[DATASET Boundary: Start]
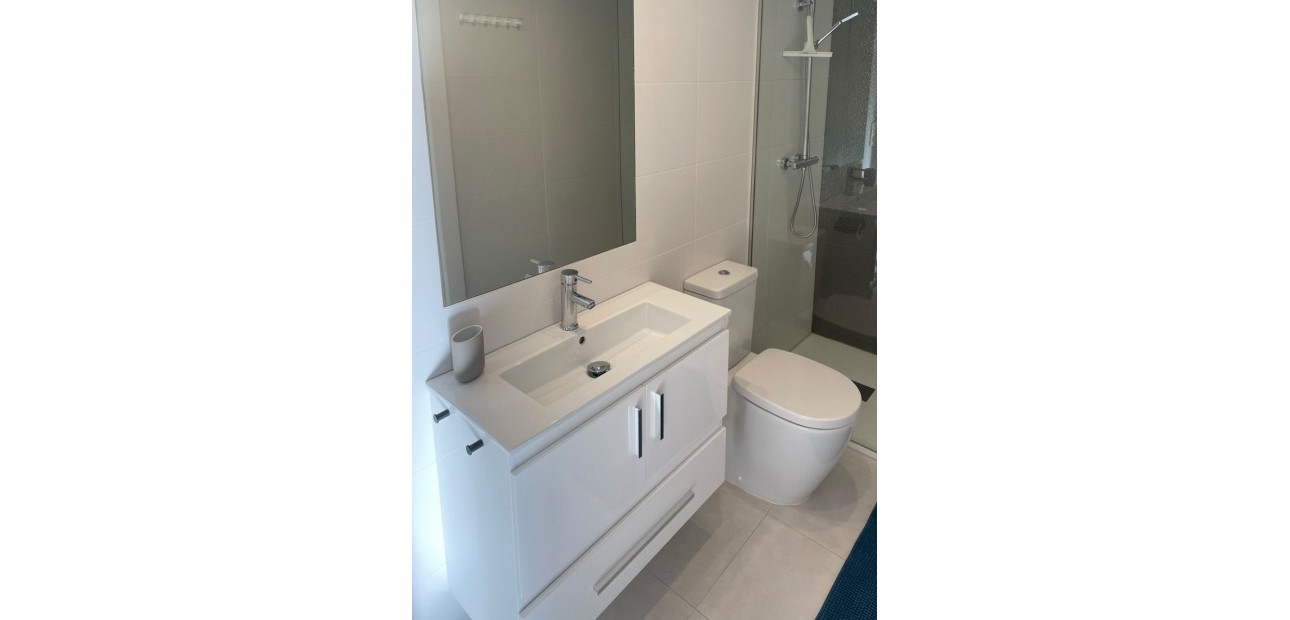 Sale - Apartment / flat -
San Pedro del Pinatar - Lo pagan
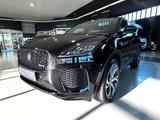 Jaguar E-Pace P250 AWD Aut.R-DynamicSport Sound+NAV+LED - Jaguar: Schwarz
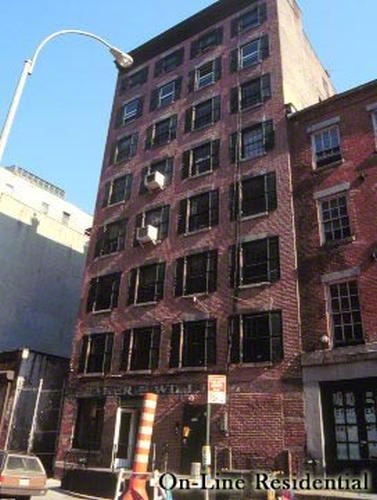 265 Water Street 5 Seaport District New York NY 10038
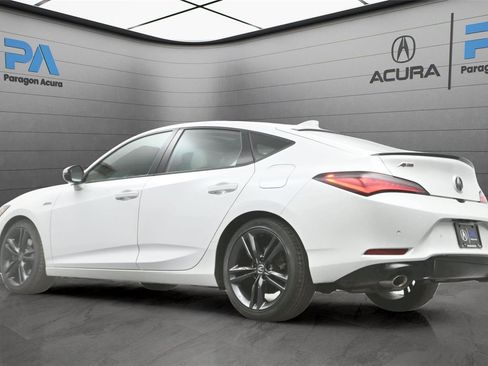 Certified 2023 Acura Integra A-Spec image 33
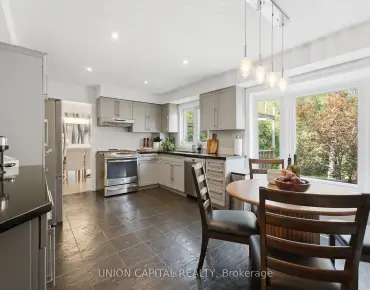 134 Hartney Dr Rural Richmond Hill, Richmond Hill 5 beds 5 baths 2 garage $1.78M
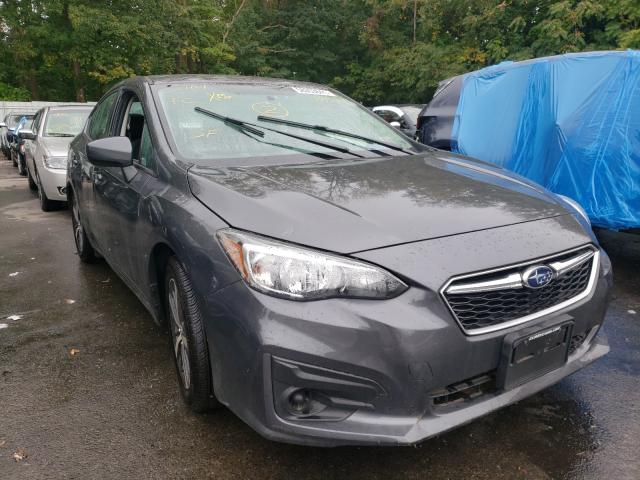 SUBARU IMPREZA PR 2019 4s3gkac68k3616514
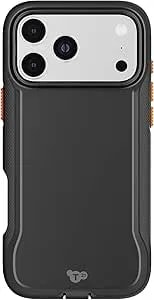 tech21 Iphone 17 Pro Max Evopro With Magsafe Black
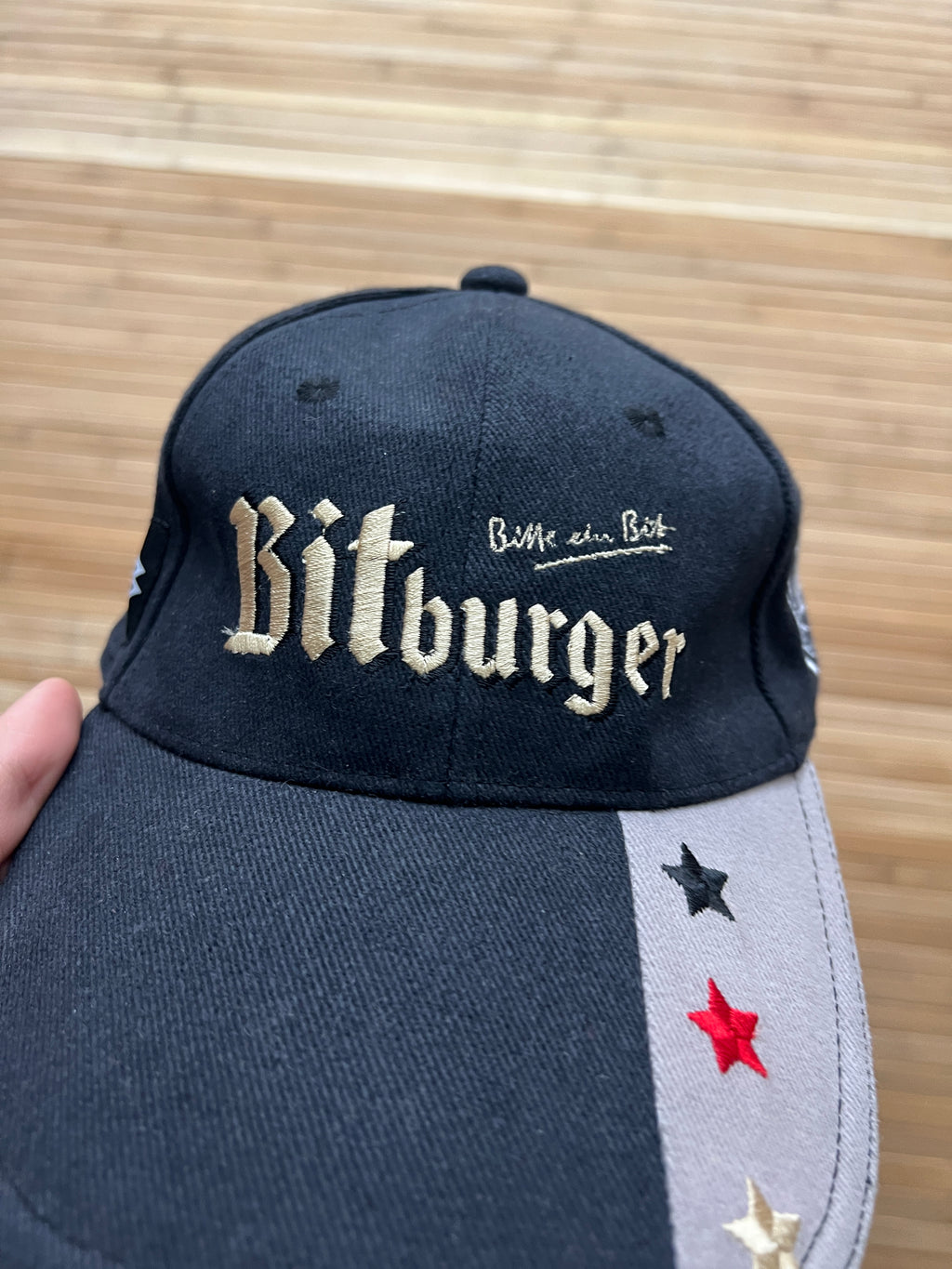 Germany Hat (one size)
[DATASET Boundary: End]
• [YOUR INSTRUCTIONS]:
Please repeat every record above exactly, but leave out the pictures.

• [EXERCISE RESULT]:
 Sale - Apartment / flat -
San Pedro del Pinatar - Lo pagan
 Jaguar E-Pace P250 AWD Aut.R-DynamicSport Sound+NAV+LED - Jaguar: Schwarz
 265 Water Street 5 Seaport District New York NY 10038
 Certified 2023 Acura Integra A-Spec image 33
 134 Hartney Dr Rural Richmond Hill, Richmond Hill 5 beds 5 baths 2 garage $1.78M
 SUBARU IMPREZA PR 2019 4s3gkac68k3616514
 tech21 Iphone 17 Pro Max Evopro With Magsafe Black
 Germany Hat (one size)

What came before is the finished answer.